A l’époque, à la fin de la vingtaine, je vivais à New York et j’étais en couple. Il a été le premier à me dire que j’étais une addict au sexe.

Je refusais de chercher de l’aide et préférais prendre des antidépresseurs. Je me dissociais de plus en plus de moi-même et de mon copain. Deux mois plus tard, on a rompu.

A l’approche de mes 30 ans, j’ai compris que je devais changer. Je sortais avec quelqu’un à nouveau, l’une de mes relations les plus saines.

Mais je pensais toujours que je ne méritais pas une telle relation. J’en avais saboté tellement, car j’avais peur qu’on découvre qui j’étais vraiment.
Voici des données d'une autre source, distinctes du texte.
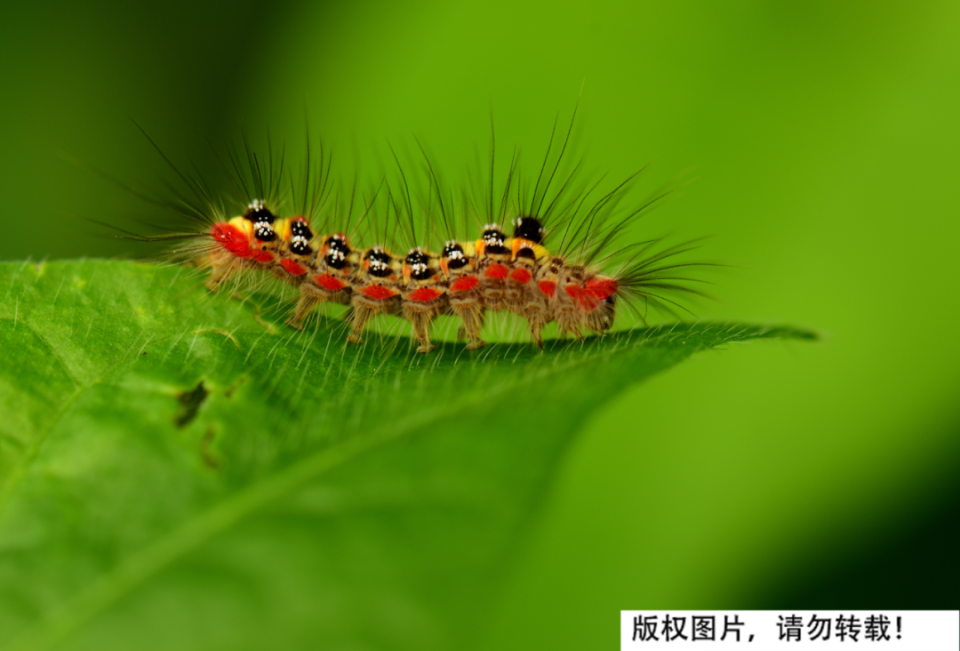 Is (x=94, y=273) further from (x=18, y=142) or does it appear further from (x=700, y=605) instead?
(x=18, y=142)

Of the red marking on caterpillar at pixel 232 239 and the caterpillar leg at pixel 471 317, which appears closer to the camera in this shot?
the caterpillar leg at pixel 471 317

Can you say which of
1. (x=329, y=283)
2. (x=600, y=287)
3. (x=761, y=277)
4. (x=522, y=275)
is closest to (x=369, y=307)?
(x=329, y=283)

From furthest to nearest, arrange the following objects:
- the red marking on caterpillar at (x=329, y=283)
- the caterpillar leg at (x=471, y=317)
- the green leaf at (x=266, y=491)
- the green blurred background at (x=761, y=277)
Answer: the red marking on caterpillar at (x=329, y=283) → the caterpillar leg at (x=471, y=317) → the green blurred background at (x=761, y=277) → the green leaf at (x=266, y=491)

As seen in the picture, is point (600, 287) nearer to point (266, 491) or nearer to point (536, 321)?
point (536, 321)

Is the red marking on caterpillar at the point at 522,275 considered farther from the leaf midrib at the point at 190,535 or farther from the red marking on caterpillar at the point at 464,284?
the leaf midrib at the point at 190,535

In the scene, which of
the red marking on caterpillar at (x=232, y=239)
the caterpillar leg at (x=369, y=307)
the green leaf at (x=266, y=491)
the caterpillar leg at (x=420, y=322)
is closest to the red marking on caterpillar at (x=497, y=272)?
the caterpillar leg at (x=420, y=322)

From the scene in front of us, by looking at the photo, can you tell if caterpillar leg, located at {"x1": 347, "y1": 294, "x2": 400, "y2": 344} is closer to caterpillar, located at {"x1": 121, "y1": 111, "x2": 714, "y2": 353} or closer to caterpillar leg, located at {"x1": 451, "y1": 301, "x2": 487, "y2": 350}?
caterpillar, located at {"x1": 121, "y1": 111, "x2": 714, "y2": 353}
Et ça n'a pas manqué,  je lui ai dit que je le quittais pour voyager. Je me disais que je ne pouvais pas continuer ainsi. J’avais envie de croire qu’on pouvait m’aimer. Mais je ne savais pas comment faire.

  • J'ai décidé de prendre soin de moi

Pour mes 30 ans, je suis partie à Bali (à moitié poussée par ma lecture de Mange, prie et aime). J’ai commencé à prendre soin de moi.

Je faisais beaucoup de yoga, ma consommation de porno réduisait nettement et je découvrais la méditation.

A ce moment-là, j’ai rencontré mon futur mari et j’ai été capable de lui dire la vérité à mon sujet. Ça représentait beaucoup pour moi d’être soutenu par quelqu’un.

Je me suis dit que j’étais capable de continuer et de dire la vérité aux gens autour de moi, qu’ils ne fuiraient pas.

On essaye toujours de paraître positif pour qu'on nous aime bien. Mais j’en avais marre de mentir et de me sentir tout le temps en marge des autres.

  • Je ne suis toujours pas guérie

J’ai mis du temps à finir le livre. Je ne vais pas vous mentir, je regarde toujours du porno de temps en temps et je partage l’image d’un mariage libre avec mon mari.

Mais je voulais que mon histoire soit prise au sérieux. J’ai réalisé que ça faisait partie de mon chemin vers la guérison. Je peux être moi-même, aimer le sexe et ne pas me sentir mal à cause de ça.

J’ai montré de l’intérieur la vie d’une addict au sexe, sans rien cacher, en montrant mes faiblesses.

Le plus dur ? S’en sortir. Contrairement à l’addiction à l’héroïne, il ne suffit pas d’arrêter de prendre de la drogue pour s’en sortir. Je ne vais pas arrêter de faire l’amour.

Le but n’est pas non plus de cesser de regarder du porno, ou de bannir les plans à trois. Car ça serait amputer une partie de ma sexualité.

Je souhaite juste trouver un équilibre et ce n’est pas une mince affaire.